3 Because the August 23, 2018 letter is incorporated by reference into the complaint, the court may consider the letter on a Rule 12(b)(6) motion to dismiss. (D.I. 2 at ¶¶ 41, 60, 79, 98, 117, 152, 170, 188, 206, 224); see Church of Universal Bhd. v. Farmington Twp. Supervisors, 296 F. App’x 285, 288 (3d Cir. 2008) (on a Rule 12 motion, the court must consider allegations in the complaint, taken as true, and any documents referenced in the complaint). Vudu attaches the letter to its opening brief, and Plaintiffs raise no objection to the court’s consideration of the letter. (D.I. 13, Ex. 1; D.I. 17 at 2) III. LEGAL STANDARD Rule 12(b)(6) permits a party to move to dismiss a complaint for failure to state a claim upon which relief can be granted. Fed. R. Civ. P. 12(b)(6). When considering a Rule 12(b)(6) motion to dismiss, the court must accept as true all factual allegations in the complaint and view

them in the light most favorable to the plaintiff. Connelly v. Lane Constr. Corp., 809 F.3d 780, 790-91 (3d Cir. 2016). To state a claim upon which relief can be granted pursuant to Rule 12(b)(6), a complaint must contain a “short and plain statement of the claim showing that the pleader is entitled to relief.” Fed. R. Civ. P. 8(a)(2). Although detailed factual allegations are not required, the complaint must set forth sufficient factual matter, accepted as true, to “state a claim to relief that is plausible on its face.” Bell Atl. Corp. v. Twombly, 550 U.S. 544, 570 (2007); see also Ashcroft v. Iqbal, 556 U.S. 662, 663 (2009). A claim is facially plausible when the factual allegations allow the court to draw the reasonable inference that the defendant is liable for the misconduct alleged.
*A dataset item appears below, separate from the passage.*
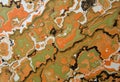 Jasper Patterns A close examination of jasper\'s opaque dense pat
Iqbal, 556 U.S. at 663; Twombly, 550 U.S. at 555-56.

The court’s determination is not whether the non-moving party “will ultimately prevail,” but whether that party is “entitled to offer evidence to support the claims.” In re Burlington Coat Factory Sec. Litig., 114 F.3d 1410, 1420 (3d Cir. 1997) (internal citations and quotation marks omitted). This “does not impose a probability requirement at the pleading stage,” but instead “simply calls for enough facts to raise a reasonable expectation that discovery will reveal evidence of [the necessary element].” Phillips v. Cty. of Allegheny, 515 F.3d 224, 234 (3d Cir. 2008) (quoting Twombly, 550 U.S. at 556). The court’s analysis is a context-specific task requiring the court “to draw on its judicial experience and common sense.” Iqbal, 556 U.S. at 663-64. IV. DISCUSSION Under 35 U.S.C. § 271(b), “whoever actively induces infringement of a patent shall be liable as an infringer.” 35 U.S.C. § 271(b). In addition to showing direct infringement,4 a plaintiff asserting a cause of action for induced infringement must also show that “the alleged

inducer knew of the patent, knowingly induced the infringing acts, and possessed a specific intent to encourage another’s infringement of the patent.” Vita-Mix Corp. v. Basic Holding, Inc., 581 F.3d 1317, 1328 (Fed. Cir. 2009); see Global-Tech Appliances, Inc. v. SEB S.A., 563 U.S. 754, 766 (2011); In re Bill of Lading Transmission & Processing Sys. Patent Litig., 681 F.3d 1323, 1339 (Fed. Cir. 2014). Knowledge of the patent, without knowledge of infringement, is not enough to establish liability for induced infringement. See Commil USA, LLC v. Cisco Sys., Inc., 575 U.S. 632, 135 S. Ct. 1920, 1926 (2015).